Deutschlands europäische Sendung.


Zu Weihnachten des verflossenen Jahres ging mir aus meinem Leserkreise eine eigenartige Gabe zu. Es war eine schlichte, mit einfachem Eichenholz fest eingerahmte Tafel, die einen großgedruckten Spruch aus meiner Gedichtsammlung »Lichtland« (Stuttgart 1912) enthielt. Dieser Spruch, der nun in der Hauptstadt der Westmark über meinem Stehpult hängt, lautet:

Wenn Deutschland seine Sendung vergißt,
Wenn Deutschland, nachdem es die Meere befahren,
Den Völkern nicht mehr Führer ist
Zum Innenland des Unsichtbaren,
Zu Gott und Geist –
Wenn Deutschland versäumt seine heilige Sendung
Und nicht mehr vorangeht in Drang nach Vollendung,
Wenn es vom Haß, der in Spannung hält
Die eiserne Welt,
Zu neuer Liebe den Weg nicht weist –
So wisse: dein Glück und dein Reich zerschellt!

Das ist, wenn auch in etwas herber und drohender Form, mein nationales Glaubensbekenntnis.

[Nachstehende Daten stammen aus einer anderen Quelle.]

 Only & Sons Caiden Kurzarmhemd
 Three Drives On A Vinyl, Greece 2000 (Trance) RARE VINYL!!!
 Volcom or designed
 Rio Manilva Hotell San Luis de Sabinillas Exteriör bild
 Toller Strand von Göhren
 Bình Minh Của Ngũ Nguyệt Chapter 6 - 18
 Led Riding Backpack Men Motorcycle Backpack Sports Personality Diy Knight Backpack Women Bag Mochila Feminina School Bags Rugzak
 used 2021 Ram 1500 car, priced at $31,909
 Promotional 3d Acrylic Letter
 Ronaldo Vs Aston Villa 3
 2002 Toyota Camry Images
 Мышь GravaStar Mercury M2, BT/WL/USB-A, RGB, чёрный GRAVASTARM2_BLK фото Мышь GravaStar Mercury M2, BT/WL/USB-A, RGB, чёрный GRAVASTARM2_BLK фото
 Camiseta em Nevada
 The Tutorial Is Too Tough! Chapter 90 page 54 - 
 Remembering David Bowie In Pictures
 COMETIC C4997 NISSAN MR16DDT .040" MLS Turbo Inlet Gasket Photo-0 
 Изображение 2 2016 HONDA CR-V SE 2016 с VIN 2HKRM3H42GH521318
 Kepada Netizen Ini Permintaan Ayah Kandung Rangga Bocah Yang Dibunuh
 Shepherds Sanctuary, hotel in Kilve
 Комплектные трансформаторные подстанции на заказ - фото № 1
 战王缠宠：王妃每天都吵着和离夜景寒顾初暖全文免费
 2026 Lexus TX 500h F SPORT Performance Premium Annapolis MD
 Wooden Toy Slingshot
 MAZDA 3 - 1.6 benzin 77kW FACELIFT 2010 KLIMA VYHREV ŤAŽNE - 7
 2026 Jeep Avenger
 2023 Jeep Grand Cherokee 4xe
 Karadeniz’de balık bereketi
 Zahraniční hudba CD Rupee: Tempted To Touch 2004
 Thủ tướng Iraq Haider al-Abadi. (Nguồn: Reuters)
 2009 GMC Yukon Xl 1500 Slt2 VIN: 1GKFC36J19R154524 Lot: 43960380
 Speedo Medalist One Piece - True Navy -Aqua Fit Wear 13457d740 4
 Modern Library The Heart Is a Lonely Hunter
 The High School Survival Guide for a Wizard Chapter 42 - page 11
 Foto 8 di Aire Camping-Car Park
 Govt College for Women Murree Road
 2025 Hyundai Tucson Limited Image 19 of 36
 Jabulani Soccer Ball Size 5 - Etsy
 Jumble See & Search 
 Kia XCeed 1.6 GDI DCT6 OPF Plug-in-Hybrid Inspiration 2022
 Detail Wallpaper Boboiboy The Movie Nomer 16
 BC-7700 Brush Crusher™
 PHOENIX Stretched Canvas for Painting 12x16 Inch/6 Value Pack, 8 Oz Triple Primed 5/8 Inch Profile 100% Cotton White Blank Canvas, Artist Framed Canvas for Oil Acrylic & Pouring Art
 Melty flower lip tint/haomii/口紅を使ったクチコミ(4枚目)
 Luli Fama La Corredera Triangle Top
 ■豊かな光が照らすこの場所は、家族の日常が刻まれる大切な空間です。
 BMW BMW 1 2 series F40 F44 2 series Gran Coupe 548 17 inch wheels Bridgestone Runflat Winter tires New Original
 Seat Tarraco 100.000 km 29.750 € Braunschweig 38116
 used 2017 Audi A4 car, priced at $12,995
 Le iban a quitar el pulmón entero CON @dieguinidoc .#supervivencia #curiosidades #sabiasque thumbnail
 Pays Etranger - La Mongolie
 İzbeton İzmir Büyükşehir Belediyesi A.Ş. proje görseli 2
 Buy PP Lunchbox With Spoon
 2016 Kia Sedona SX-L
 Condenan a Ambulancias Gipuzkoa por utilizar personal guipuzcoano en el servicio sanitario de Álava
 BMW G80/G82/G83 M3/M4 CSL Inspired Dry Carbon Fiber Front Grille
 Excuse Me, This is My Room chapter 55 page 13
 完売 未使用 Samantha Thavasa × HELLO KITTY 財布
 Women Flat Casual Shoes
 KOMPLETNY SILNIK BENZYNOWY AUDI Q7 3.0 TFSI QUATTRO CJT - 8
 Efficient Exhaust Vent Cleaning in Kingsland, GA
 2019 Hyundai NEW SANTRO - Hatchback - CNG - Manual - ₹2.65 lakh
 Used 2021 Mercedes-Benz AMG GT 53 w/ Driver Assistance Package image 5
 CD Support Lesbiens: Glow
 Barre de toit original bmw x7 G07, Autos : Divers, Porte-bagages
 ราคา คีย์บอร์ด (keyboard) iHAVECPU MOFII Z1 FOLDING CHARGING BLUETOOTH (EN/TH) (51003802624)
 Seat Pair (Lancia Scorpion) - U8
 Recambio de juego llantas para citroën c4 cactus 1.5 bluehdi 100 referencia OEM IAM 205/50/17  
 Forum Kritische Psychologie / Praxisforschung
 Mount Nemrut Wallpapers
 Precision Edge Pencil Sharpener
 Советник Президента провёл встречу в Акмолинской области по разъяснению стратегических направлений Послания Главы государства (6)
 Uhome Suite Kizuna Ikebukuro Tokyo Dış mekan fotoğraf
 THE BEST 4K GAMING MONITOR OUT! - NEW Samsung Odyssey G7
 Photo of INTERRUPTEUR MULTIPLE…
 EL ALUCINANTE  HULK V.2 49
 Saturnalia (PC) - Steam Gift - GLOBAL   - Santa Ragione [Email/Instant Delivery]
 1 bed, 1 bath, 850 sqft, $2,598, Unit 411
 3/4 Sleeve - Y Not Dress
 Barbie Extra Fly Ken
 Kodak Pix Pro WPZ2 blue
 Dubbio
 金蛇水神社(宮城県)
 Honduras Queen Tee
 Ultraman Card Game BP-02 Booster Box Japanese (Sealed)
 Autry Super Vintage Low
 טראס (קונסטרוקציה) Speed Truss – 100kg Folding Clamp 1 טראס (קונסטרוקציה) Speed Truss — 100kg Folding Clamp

Und so setzen wir der Flut von Haß und Verleumdung, die aus dem Ausland von Romain Rolland bis Maeterlinck und Verhaeren gegen uns ansprüht, als Söhne Goethes den unerschütterlichen Glauben an Deutschlands heilige Sendung entgegen. »Das[7] Schicksal der Deutschen ist noch nicht erfüllt«, äußerte Goethe im Gespräch mit Luden (1813). »Hätten sie keine andere Aufgabe gehabt, als das römische Reich zu zerbrechen und eine neue Welt zu schaffen und zu ordnen, sie würden längst zugrunde gegangen sein. Da sie aber fortbestanden sind, und in solcher Kraft und Tüchtigkeit, so müssen sie nach meinem Glauben noch eine große Bestimmung haben.«

Eine Bestimmung äußerer und eine Bestimmung innerer Art: »Der Menschheit Würde ist in eure Hand gegeben!«

Damit ist jenes Programm wieder aufgenommen, das einst unser Schiller in die Worte gepreßt hat: »Kann aber wohl der Mensch dazu bestimmt sein, über irgendeinem Zweck sich selbst zu versäumen?« Nämlich: seine innere Welt, sein höheres Selbst, den geistigen Leuchtkern in uns. Das zieht sich durch Schillers und Goethes Lebensarbeit. Das geht durch alle Idealisten und Propheten der ganzen Welt. Und es widerspricht keineswegs der äußeren Kriegsarbeit, die von deutschem Geiste jetzt da draußen geleistet wird. Arbeitsteilung! Ein Teil deutscher Geistestruppen muß abkommandiert werden, dieses Programm zu erfüllen – sobald die europäische Luft durch den Kriegsorkan gereinigt sein wird. Diese Truppen stehen schon im Hintergrunde; sie stellen sich jetzt schon auf ihre künftige Aufgabe ein; sie ermutigen die Mannschaft draußen durch tapfere und großzügige Gedanken. Sie geloben, mit demselben Tatsachensinn, wie er den knapp und klar sprechenden und handelnden Generalstab auszeichnet, nicht im Parteigezänke unterzugehen, sondern das Große und Ganze unverwirrt und unkleinlich im Auge zu behalten. Nämlich: mit dem Aufbau der neuen deutschen Innenwelt

bei sich selber anzufangen.


Gedanken aber haben fernwirkende Kraft. Gute und große Gedanken, in einem echten Menschen lebendig, haben segnende Kraft[8] für die ganze Umwelt. Es ist wie Funkenfernspruch. Cromwells Schwadronen stärkten sich fern vom Feind durch alttestamentarische Zorngedanken; kam das Eisenheer näher, so ritt es schweigend; aber die Kraft sammelte sich in den düstren und harten Psalmensingern, den viel belächelten und noch mehr gefürchteten »Eisenseiten«; und im stürmischen Angriff entlud sich dann, was sich in Gedanken angesammelt hatte. So greifen Gedanken und Taten ineinander. Dieselbe Wucht, die jetzt draußen ein gewaltiges Außenziel zu erreichen bestrebt ist, wird später, auf geistige Ziele gelenkt, gleichfalls nicht versagen.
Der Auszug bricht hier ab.